Incident Response Plans

TL;DR

Right custom agent handles each incident type automatically — no human routing at 3 AM
Filter by severity, service, title, and type to match precisely the incidents you care about
Turn any plan on or off with one click — pause routing during maintenance without deleting
See all plans, statuses, and custom agent mappings in a unified grid

The problem: one playbook for every fire

Not every incident is the same. A P1 database corruption requires deep log analysis and immediate action. A P3 performance degradation needs a quick metrics check. A deployment rollback needs source code context and deployment history.

Yet most automation treats all incidents identically — same investigation steps, same tools, same urgency. Your on-call engineer ends up being the router, deciding which runbook to follow, which dashboards to check, and how urgently to respond. At 3 AM, that decision-making overhead directly increases your MTTR.

How response plans work

Response plans connect incident filters to custom agents.
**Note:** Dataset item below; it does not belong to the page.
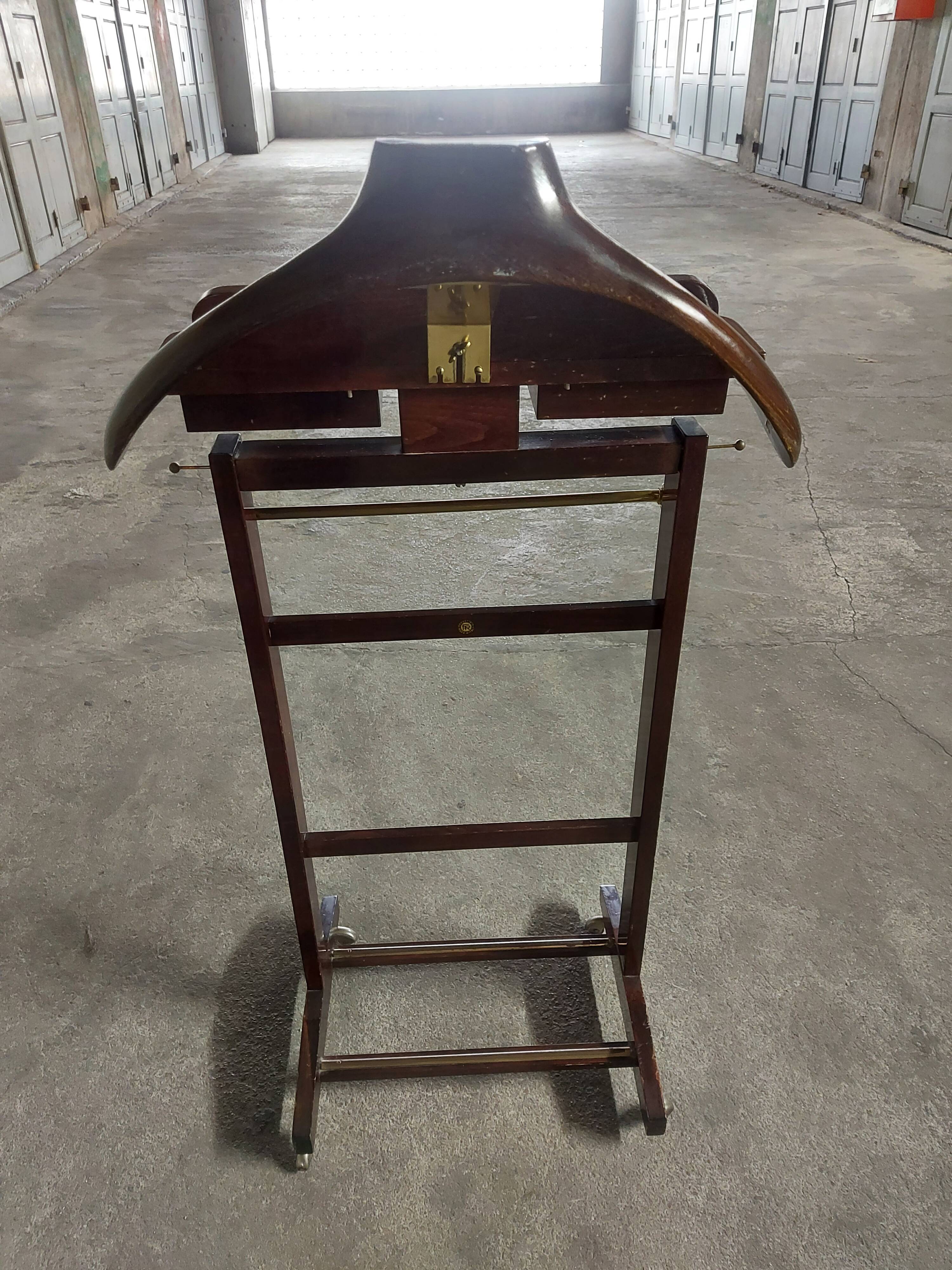 Vintage wooden valet Fratelli Reguitti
When an incident arrives, your agent evaluates it against active response plans and routes it to the right custom agent automatically.

Agent Canvas canvas showing incident trigger nodes connected to a custom agent with edges

Each response plan has two parts:

Part	What it controls	Example
Incident filter	Which incidents to match	P1 + P2 incidents on `api-gateway` service
Custom agent handler	How to respond	Use `api-expert` custom agent in Review mode

Filter criteria

Criteria	What it filters	Example
Severity / Priority	One or more severity levels	P1 + P2 (multi-select)
Impacted service	Which service is affected	`api-gateway`, `payment-service`
Incident type	Classification	Default, Major, Security
Title contains	Keyword match in incident title	`"CPU spike"`, `"Out of memory"`

You can select multiple severity levels in a single plan — your agent matches incidents at any of the selected levels.

Custom agent configuration

Each plan specifies how your agent responds:

Setting	Options	Default
Response custom agent	Any configured custom agent	Pre-selected when creating from graph
Agent autonomy level	Autonomous, Review	Autonomous

Autonomous — Your agent analyzes incidents and independently performs mitigation or resource modifications with the required permissions.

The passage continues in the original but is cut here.